A total of 23 per cent of advisers want an outright ban on Sipp providers earning money from retained interest charges in projections and reduction in yield calculations - the ‘interest turn’ from Sipp cash accounts.

This number has almost doubled in the last six months, according to research by Momentum Pensions, which shows 23 per cent of advisers now want a ban on the practice, compared to 13 per cent when the same research was carried out six months ago.

Research conducted for Momentum Pensions by Pollright among 106 advisers from 6 to 9 June using an online methodology found 66 per cent of advisers feel interest turn should be disclosed in line with Financial Conduct Authority guidance.

According to Momentum, the transparency debate is becoming even more important as the Financial Conduct Authority’s capital adequacy requirements for Sipp providers come into force on 1 September this year.

These rules base solvency requirements on the proportion of standard and non-standard assets held by Sipp providers.

The FCA has proposed in one of its consultation papers that Sipp providers should be obliged to disclose retained interest charges in projections and reduction in yield calculations.
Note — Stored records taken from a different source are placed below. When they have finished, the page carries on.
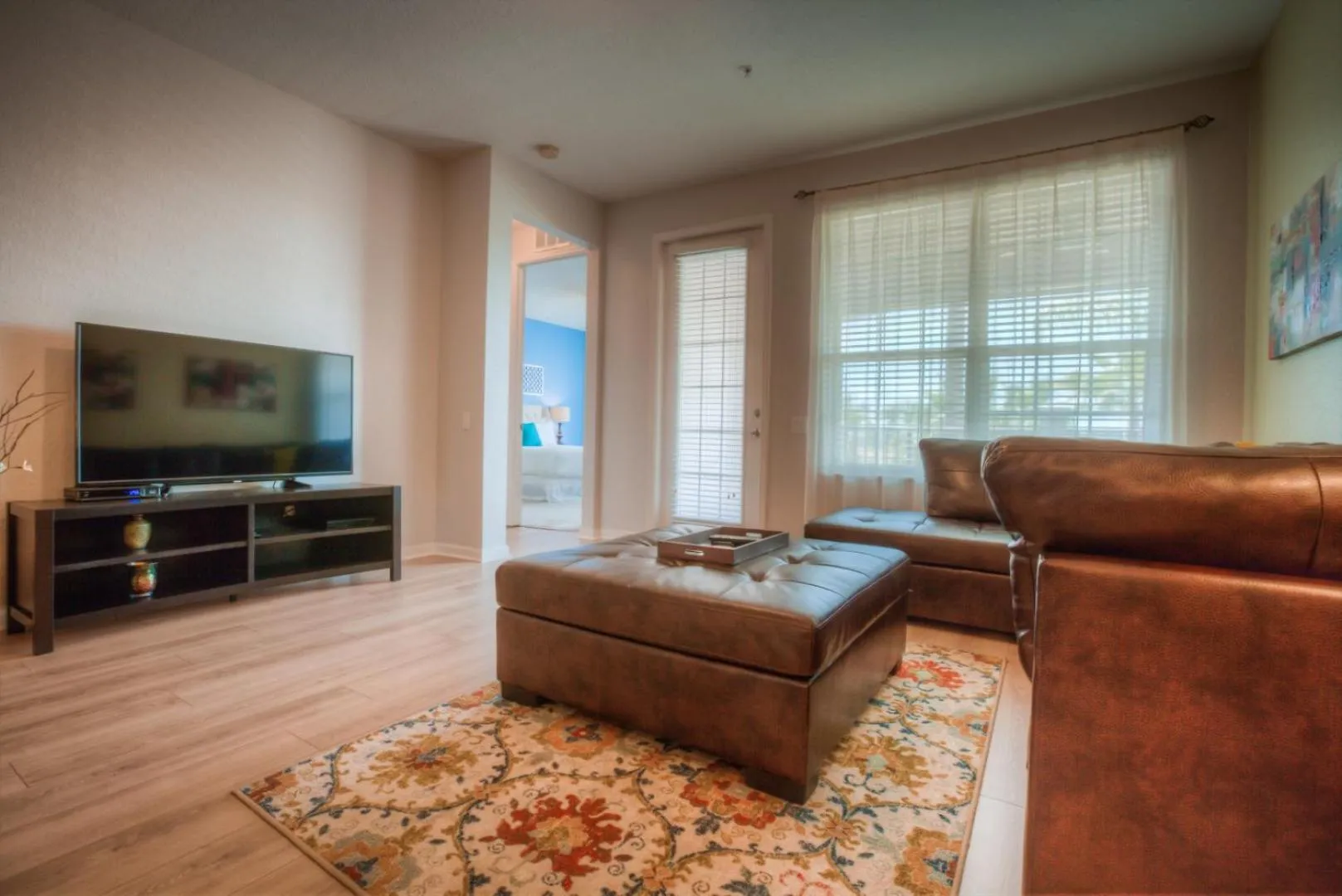 Beautiful LAKEVIEW Deluxe Condo Near Theme Parks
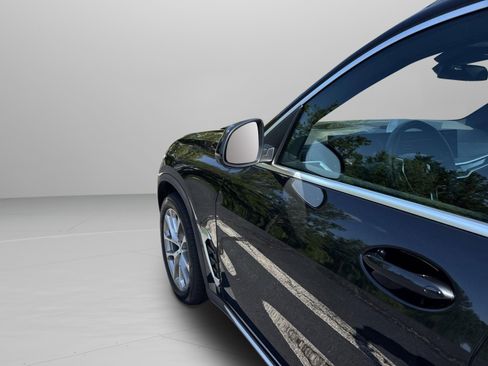 Used 2024 BMW X5 xDrive40i w/ Parking Assistance Package image 12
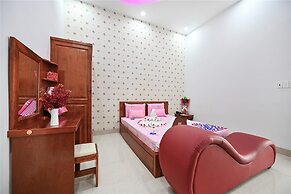 Paradise Hotel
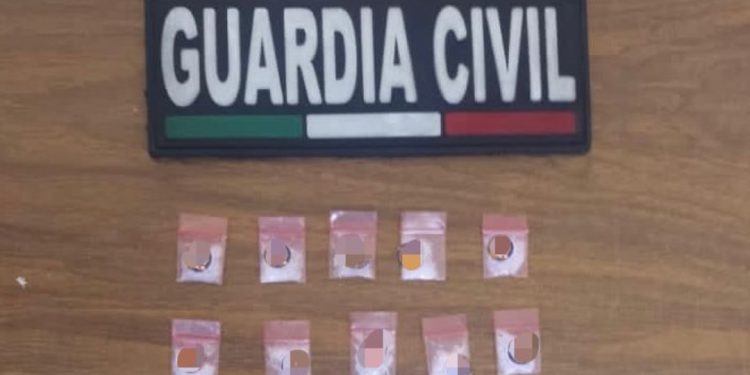 En operativos, Guardia Civil asegura más de 140 envoltorios de droga y detiene a 12 personas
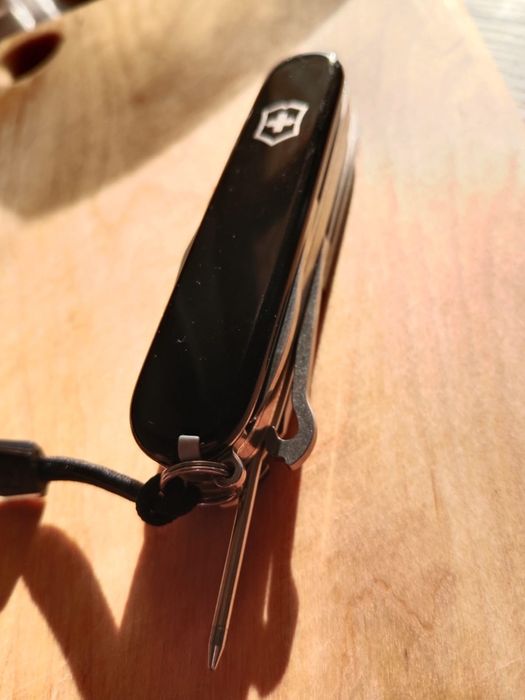 Victorinox Deluxe Tinker.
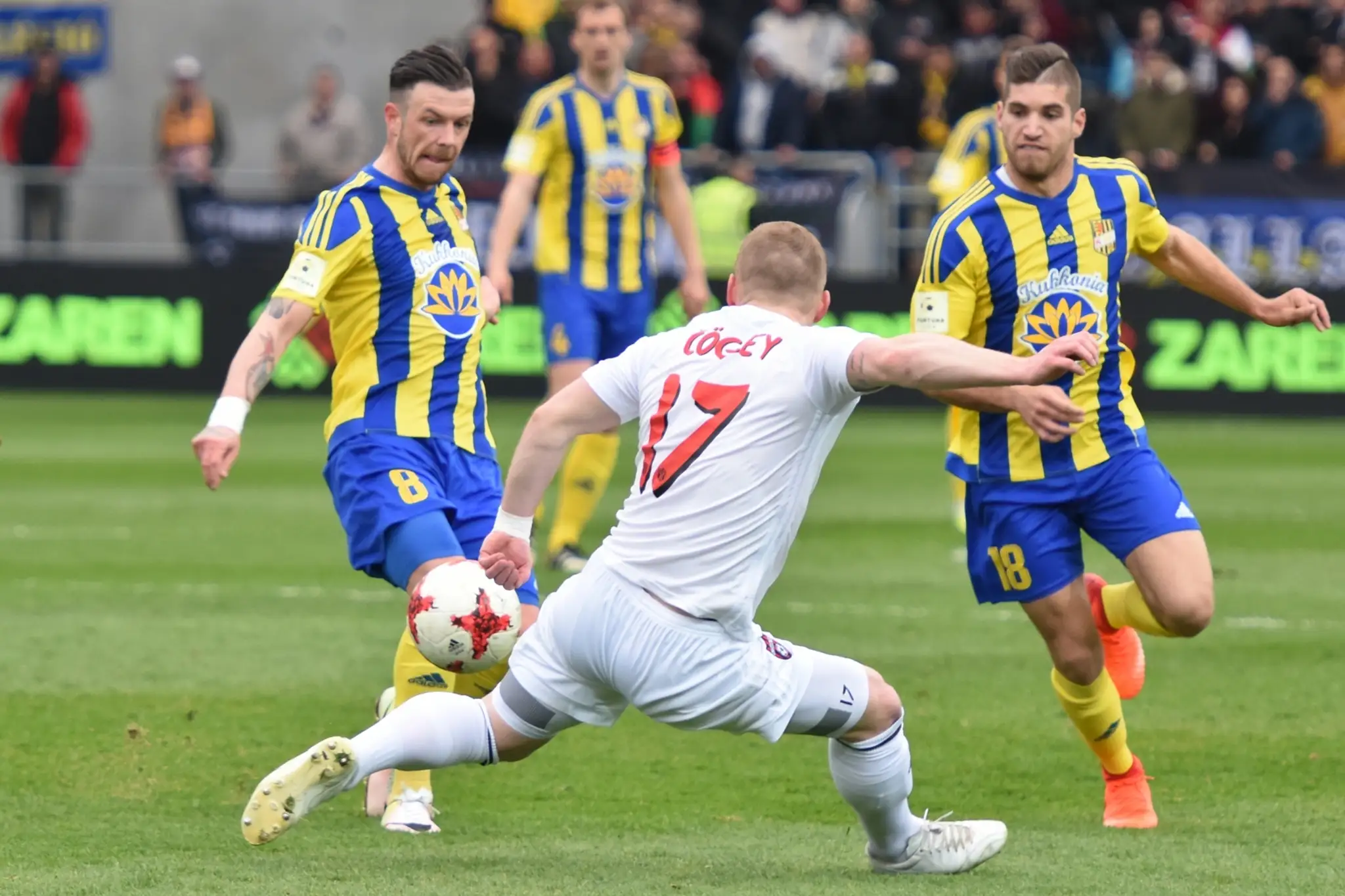 Na snímke vľavo hráč Dunajskej Stredy Erik Pačinda, hráč Trnavy Peter Čögley a hráč Dunajskej Stredy Kristopher Vida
Momentum Pensions added an important aspect of this transparency is to ensure Sipp providers are meeting associated capital requirements charges themselves, and should not be expecting investors to pay extra levies to cover the costs.
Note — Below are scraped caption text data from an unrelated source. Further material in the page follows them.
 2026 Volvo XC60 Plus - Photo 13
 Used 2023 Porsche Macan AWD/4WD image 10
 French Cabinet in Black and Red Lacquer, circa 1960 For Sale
Additionally, research by the firm showed that 77 per cent of advisers are looking for providers that have strong corporate governance systems in place, and 64 per cent want more clarity from the FCA or HM Revenue & Customs on non-standard assets, whilst 42 per cent want specific clarity on peer-to-peer investments.

Stewart Davies, chief executive of Momentum Pensions, said: “Advisers are scrutinising Sipp providers more than ever before ahead of the introduction of the capital adequacy rules next month, and there is simply no room for anything other than complete openness and transparency.
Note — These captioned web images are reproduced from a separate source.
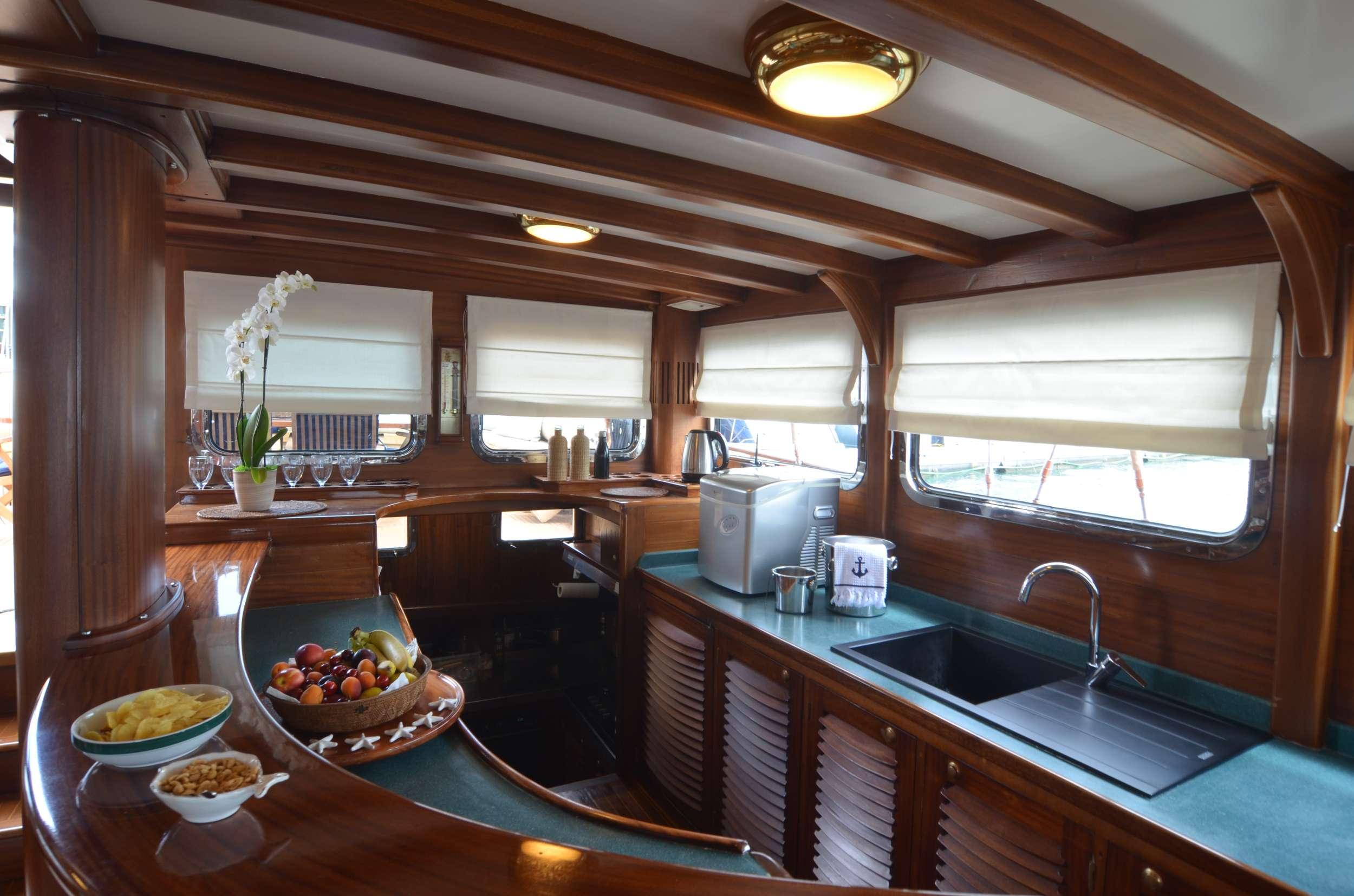 Mar & Mar gulet amenities exterior deck in Italy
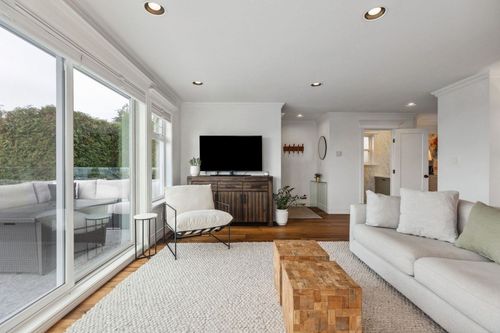 3686-carnarvon-avenue-upper-lonsdale-north-vancouver-08 at 3686 Carnarvon Avenue, Upper Lonsdale, North Vancouver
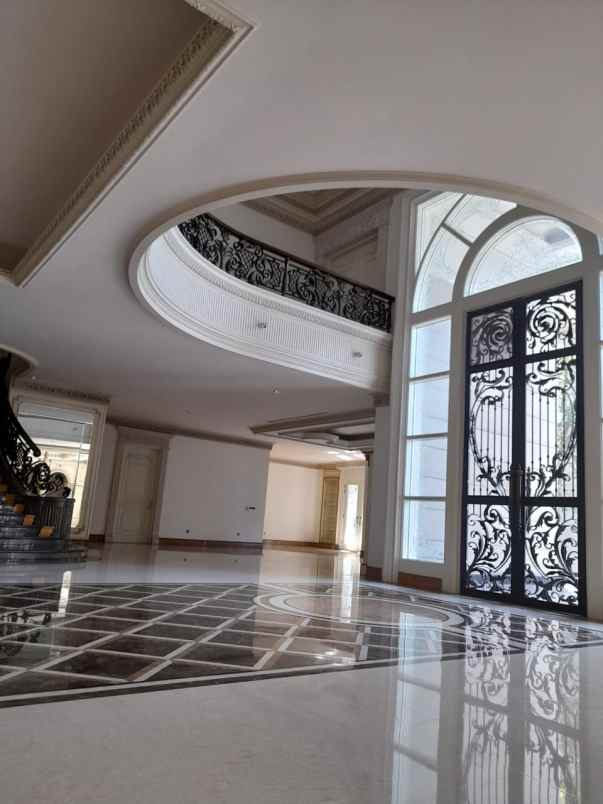 dijual rumah mewah di pakuwon indah surabaya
“Additionally, an important aspect of this transparency is for Sipp providers to meet associated costs of meeting these regulations themselves. It is completely wrong to pass on any associated charges to investors, and advisers have the right to be reassured that their clients won’t be expected to meet these costs at all.”

Colin Rodger, director at Glasgow and Edinburgh-based Alexander Sloan Financial Planning, said: “In the interest of transparency it is not the greatest idea and providers should not do it. They should adjust their fees accordingly. Fees should be open.

“It is all part and parcel of trust with clients. If something seems a little under the counter then it does not foster trust in financial services.”